The executive order builds on a growing body of research suggesting psychedelic therapies, particularly compounds like ibogaine, can deliver dramatic results where conventional treatments fail. Trump pointed to a Stanford study in which special operations veterans saw an 80 to 90 percent reduction in depression and anxiety symptoms within a month.
At the signing ceremony, one veteran put it more bluntly.
“This treatment saved my life,” he told the president. “Helped me get off opiates … sleep for the first time in over 10 years.”
“And you have no doubt?” Trump asked.
“Zero,” he answered.
“To me, that’s the best research of all,” Trump said.
More than 14 million Americans suffer from serious mental illness, according to the White House fact sheet accompanying the order, and for many, existing medications and therapies simply don’t work. Even when they do, they often come with significant side effects or require years of adjustments. Among veterans, the crisis is even more acute, with more than 6,000 suicides per year for over two decades, a statistic that has remained stubbornly high despite billions in federal spending.
The order attempts to break that cycle by not just funding research, but forcing the system to move faster. It directs the FDA to prioritize psychedelic drugs already designated as “breakthrough therapies,” a classification reserved for treatments that show substantial improvement over existing options. It also pushes regulators to shorten review timelines that can typically stretch close to a year, and in some cases, much longer.
At the same time, the administration is expanding access before full approval. By opening a clearer pathway under federal right-to-try laws, patients with treatment-resistant conditions may be able to access these therapies under medical supervision rather than waiting years for final regulatory clearance.
That shift could prove significant not just for veterans, but for civilians facing similar conditions; first responders, trauma survivors, and millions of Americans dealing with depression, addiction, and anxiety disorders.
Health agencies are also being pushed to coordinate more aggressively. The order mandates increased data sharing between federal departments, expanded clinical trial participation, and at least $50 million in federal support for state-level research efforts. States like Texas have already invested heavily in ibogaine research, and the federal government is now stepping in to match those efforts.
Even skeptics in the medical field say the evidence is becoming harder to ignore.
“One single administration can change behavior toward a therapeutic effect,” a researcher at the signing said. “We have a tool that could allow the body to heal itself, if we know how to properly use it.”

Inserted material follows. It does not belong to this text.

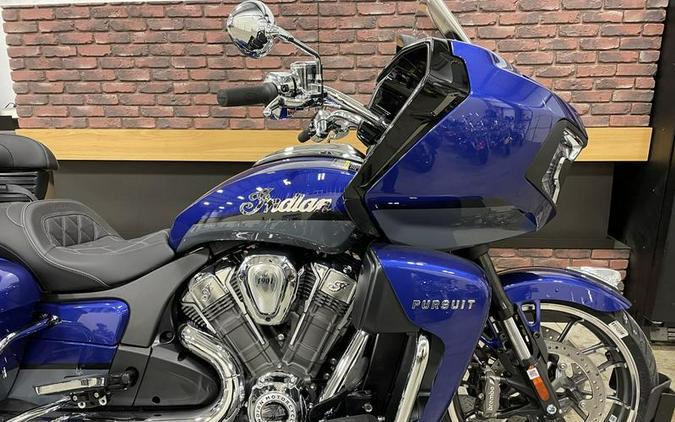 2024 Indian Motorcycle® Pursuit® Limited Spirit Blue Metallic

That’s the gamble behind the order: that accelerating access doesn’t just help veterans, but could reshape how the country approaches mental health treatment altogether, moving away from long-term symptom management and toward therapies that may offer more lasting change.
For everyday Americans, the implications are straightforward. If these treatments continue to show results, they won’t remain confined to niche trials; they could become part of mainstream medicine, available through doctors rather than years-long waitlists or costly alternatives abroad.
If these therapies work — and early data suggest they might — the question is no longer whether they should exist, but how quickly people can access them.
Trump’s answer, at least for now, is simple: faster.